Online Attack Targets V.I.P. Twitter Users in a Bitcoin Scam
It was about 4 in the afternoon on Wednesday on the East Coast when chaos struck online. Dozens of the biggest names in America — including Joseph R. Biden Jr., Barack Obama, Kanye West, Bill Gates and Elon Musk — posted similar messages on Twitter: Send Bitcoin and the famous people would send back double your money.
It was all a scam, of course, the result of one of the most brazen online attacks in memory.
A first wave of attacks hit the Twitter accounts of prominent cryptocurrency leaders and companies. But soon after, the list of victims broadened to include a Who’s Who of Americans in politics, entertainment and tech, in a major show of force by the hackers.
Twitter quickly removed many of the messages, but in some cases similar tweets were sent again from the same accounts, suggesting that Twitter was powerless to regain control.
The company eventually disabled broad swaths of its service, including the ability of verified users to tweet, for a couple of hours as it scrambled to prevent the scam from spreading further. The company sent a tweet saying that it was investigating the problem and looking for a fix. “You may be unable to Tweet or reset your password while we review and address this incident,” the company said in a second tweet. Service was restored around 8:30 Wednesday night.
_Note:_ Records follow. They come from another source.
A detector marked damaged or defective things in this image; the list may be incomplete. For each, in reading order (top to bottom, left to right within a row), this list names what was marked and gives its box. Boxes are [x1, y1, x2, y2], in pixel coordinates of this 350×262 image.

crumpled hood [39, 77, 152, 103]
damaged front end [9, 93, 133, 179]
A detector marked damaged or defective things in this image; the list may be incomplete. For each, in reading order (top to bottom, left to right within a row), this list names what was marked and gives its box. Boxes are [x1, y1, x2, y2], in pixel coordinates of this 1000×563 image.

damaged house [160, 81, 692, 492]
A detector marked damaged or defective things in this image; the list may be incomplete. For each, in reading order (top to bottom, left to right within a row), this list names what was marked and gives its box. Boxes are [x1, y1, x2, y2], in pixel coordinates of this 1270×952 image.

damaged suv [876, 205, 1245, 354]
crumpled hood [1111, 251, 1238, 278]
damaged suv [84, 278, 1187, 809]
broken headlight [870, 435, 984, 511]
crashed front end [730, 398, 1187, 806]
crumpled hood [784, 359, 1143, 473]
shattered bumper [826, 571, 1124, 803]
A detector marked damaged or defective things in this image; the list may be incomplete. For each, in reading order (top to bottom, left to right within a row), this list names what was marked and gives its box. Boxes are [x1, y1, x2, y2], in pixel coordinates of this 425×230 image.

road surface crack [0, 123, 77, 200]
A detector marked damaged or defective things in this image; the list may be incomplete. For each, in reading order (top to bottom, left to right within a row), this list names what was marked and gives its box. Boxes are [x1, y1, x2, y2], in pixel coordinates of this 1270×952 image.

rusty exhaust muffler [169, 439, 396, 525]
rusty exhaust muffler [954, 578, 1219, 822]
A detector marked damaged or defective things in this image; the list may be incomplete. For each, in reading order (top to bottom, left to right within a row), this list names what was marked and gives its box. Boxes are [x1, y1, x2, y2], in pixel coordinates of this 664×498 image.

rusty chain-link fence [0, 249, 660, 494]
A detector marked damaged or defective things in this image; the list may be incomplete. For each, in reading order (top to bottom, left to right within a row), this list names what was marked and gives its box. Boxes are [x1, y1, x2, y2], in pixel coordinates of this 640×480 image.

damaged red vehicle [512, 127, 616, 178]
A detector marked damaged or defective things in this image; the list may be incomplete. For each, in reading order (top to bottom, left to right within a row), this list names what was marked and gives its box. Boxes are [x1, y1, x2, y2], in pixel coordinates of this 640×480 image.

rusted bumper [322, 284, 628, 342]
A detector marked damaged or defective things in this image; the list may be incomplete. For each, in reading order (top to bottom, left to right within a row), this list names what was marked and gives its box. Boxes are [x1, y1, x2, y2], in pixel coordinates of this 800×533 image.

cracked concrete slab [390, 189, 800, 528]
Twitter’s investigation into the breach revealed that several employees who had access to internal systems had their accounts compromised in a “coordinated social engineering attack,” a spokesman said, referring to attacks that trick people into giving up their credentials. The attackers then used Twitter’s internal systems to tweet from high-profile accounts like Mr. Biden’s.
“We’re looking into what other malicious activity they may have conducted or information they may have accessed,” Twitter’s spokesman added. “We’ve taken significant steps to limit access to internal systems and tools while our investigation is ongoing.”
Jack Dorsey, Twitter’s chief executive, said in a post Wednesday night that it was a “tough day for us at Twitter. We all feel terrible this happened. We’re diagnosing and will share everything we can when we have a more complete understanding of exactly what happened.”
The hackers did not use their access to take aim at any important institutions or infrastructure — instead just asking for Bitcoin. But the attack was concerning to security experts because it suggested that the hackers could have easily caused much more havoc.
There was little immediate evidence for who conducted the attack. One of the most obvious culprits for an attack of this scale, North Korea, has been documented to have used Bitcoin extensively in the past. But its nature — “effective, but also amateurish” in the words of one senior American intelligence official — led American intelligence agencies to an initial assessment that this was most likely the work of an individual hacker, not a state.
Had it been Russia, China, North Korea or Iran, said the official, who would not speak on the record because they were not authorized to discuss an intelligence investigation, the effort would have probably focused on trying to trigger stock market havoc, or perhaps the issuance of political pronouncements in the name of Mr. Biden or other targets.
Officials also noted that the breach did not affect the account of one of the most watched and powerful users of Twitter: President Trump. Mr. Trump’s account is under a special kind of lock-and-key after past incidents, the official noted.
Security experts said that the wide-ranging attacks hinted that the problem was caused by a security flaw in Twitter’s service, not by lax security measures used by the people who were targeted. Alex Stamos, director of the Stanford Internet Observatory and the former chief security officer at Facebook, said there were a range of other theories, but all suggested that the attackers got inside Twitter’s system, rather than stealing the passwords of individual users.
One American official called that a “scary possibility” in a world where national leaders, sometimes imitating Mr. Trump’s techniques, have adopted Twitter as a primary source of unfiltered communications.
“It could have been much worse. We got lucky that this is what they decided to do with their power,” Mr. Stamos said.
The hacker or hackers made some rookie errors. Mr. Stamos said that because the attackers had sent identical messages from the compromised accounts, they were easy to detect and delete. The decision to ask for money through Bitcoin, he added, showed that the attackers were most likely unable or unwilling to launder money or use their access for a more sophisticated scam.